Sadly, when our current interfaces were designed, they were not architected the way they should have been. We take digital data that is nicely marked with its timing and data in a computer file and turn it into a real-time stream across a cable. The source is the “master” telling the destination when to play each and every sample. On paper, the timing is perfect vertical pulses that instantly go from zero to one, and with zero variation. Sampling theory says if we did that, indeed we can have perfect reproduction. That is, if we reproduce the samples at the same time they were captured (digitized), we can reconstruct the signal perfectly.
Alas, real world doesn’t work that way. The above definition of our timing signal is that of a square wave. The wiki on square wave says it nicely: “An ideal square wave requires that the signal changes from the high to the low state cleanly and instantaneously. This is impossible to achieve in real-world systems, as it would require infinite bandwidth.” Let me repeat: you need infinite bandwidth. No cable or interface has infinite bandwidth. So we know what gets to the other side has less than perfect edges. As soon as we modify those waveforms, we also start to mess with the timing that can be extracted at the receiver. Yup, horrors of horrors. Your digital cables can have a sound!
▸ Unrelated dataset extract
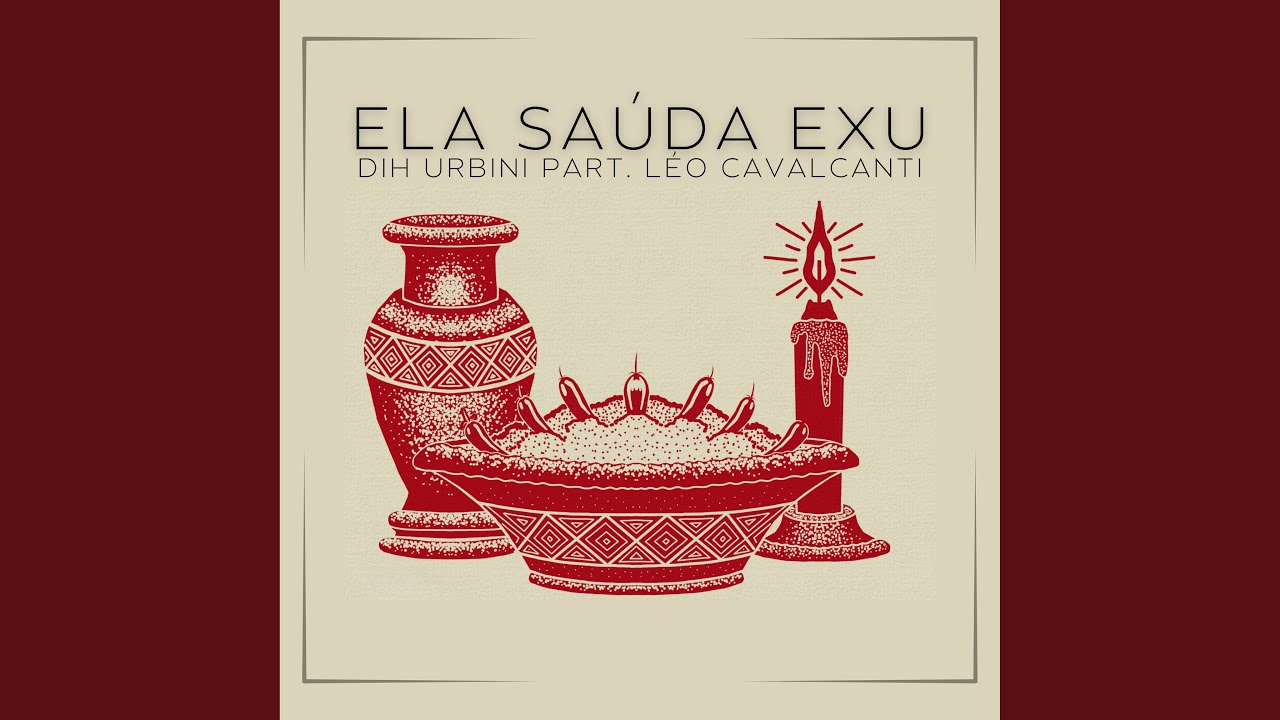 Ela Saúda Exu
We get confused looking at the low-speed audio signals thinking not much accuracy is needed to represent their timing. Arny made that mistake of thinking 1 microsecond of timing should still be great. That is one millionth of a second. By a person not schooled in the science of digital audio and signal processing, that does look like the right metric relative to CD’s 44,100 samples per second with each sample taking 22 microseconds.
The science unfortunately is not that forgiving. It doesn’t just look at the sampling rate of the audio but more importantly, how much resolution and how low of a noise floor you want to have. We love our digital systems because they are so quiet. A 16-bit system has a range of quietest to loudest signal of 96 decibels. That is the lowest level digital system we use for high-fidelity music. 30+ years after introduction of CD, it sure would be nice to be able to achieve what its specs say on paper, in a real system. Don't you think?
Given the above, and making some significant simplifications, we can compute how much timing change it takes for one of those bits to get corrupted. With each bit representing 6 db of distortion products, the math can be computed as I showed from Julian’s formula. That math says that timing accuracy better be 500 picoseconds or else your system has less resolution than an ideal 16-bit system. A picosecond is one million microseconds! Wow oh wow!!! What have we gotten ourselves into? We need accuracy that is 2000 times smaller than Arny’s one microsecond number.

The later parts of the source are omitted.